Kevin's Home

Mr Sandman

Well, I actually had something resembling a good night's sleep last night so I'm pretty happy right now. I'm certainly more awake and alert anyway.

As you may have guessed sleep is indeed a theme in my life right now. Aside from the usual not enough/too much dilemma and wondering just how much longer the matress has before it needs replacing something has been bugging me, and it really stands out above all the rest.

My bed is empty!

I find this problem a little strange actually. My bed is the place where I can stretch out the day. I put various limbs in all kinds of angles in an attempt to rewind the muscle memory of sitting in front of a computer screen for so much of the day and things like that. This means I enjoy my space.

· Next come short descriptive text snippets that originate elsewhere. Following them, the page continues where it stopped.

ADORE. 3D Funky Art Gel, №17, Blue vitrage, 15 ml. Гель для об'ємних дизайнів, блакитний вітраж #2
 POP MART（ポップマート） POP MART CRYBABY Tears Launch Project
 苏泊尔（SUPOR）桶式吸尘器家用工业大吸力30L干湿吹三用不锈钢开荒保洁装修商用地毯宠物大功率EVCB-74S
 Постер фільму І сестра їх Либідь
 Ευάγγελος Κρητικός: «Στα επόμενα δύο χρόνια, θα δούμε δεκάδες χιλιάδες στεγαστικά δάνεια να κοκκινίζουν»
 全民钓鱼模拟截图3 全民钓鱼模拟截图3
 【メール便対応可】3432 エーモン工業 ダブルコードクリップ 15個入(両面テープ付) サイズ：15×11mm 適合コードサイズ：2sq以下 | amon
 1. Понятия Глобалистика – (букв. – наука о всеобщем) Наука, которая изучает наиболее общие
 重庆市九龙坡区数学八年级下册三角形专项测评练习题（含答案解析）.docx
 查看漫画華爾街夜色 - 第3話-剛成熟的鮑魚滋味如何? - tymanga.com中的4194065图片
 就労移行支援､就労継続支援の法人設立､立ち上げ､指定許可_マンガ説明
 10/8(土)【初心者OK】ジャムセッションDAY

Shouldn't I be overjoyed that my bed is solely for my enjoyment?

When a certain someone is in the same bed as me it's a certainty that I will spend pretty much the whole night in a position which does nothing to ease my muscles no matter what I was doing that day. The extra body heat makes me burn up, but the covers get whisked away and I freeze too. I get hair up my nose and/or in my mouth so I find breathing less fun than it should be. In short my sleep sucks when I'm not alone.

The thing is though there are times when my bed feels lonely. Previously when I've noticed this it's been something I can just accept and get on with resting. The gaps have given me enough of a cushion to cope, but lately this feeling is coming too frequently. I guess it's because my bed has been empty for too long. I need to try and remedy this problem.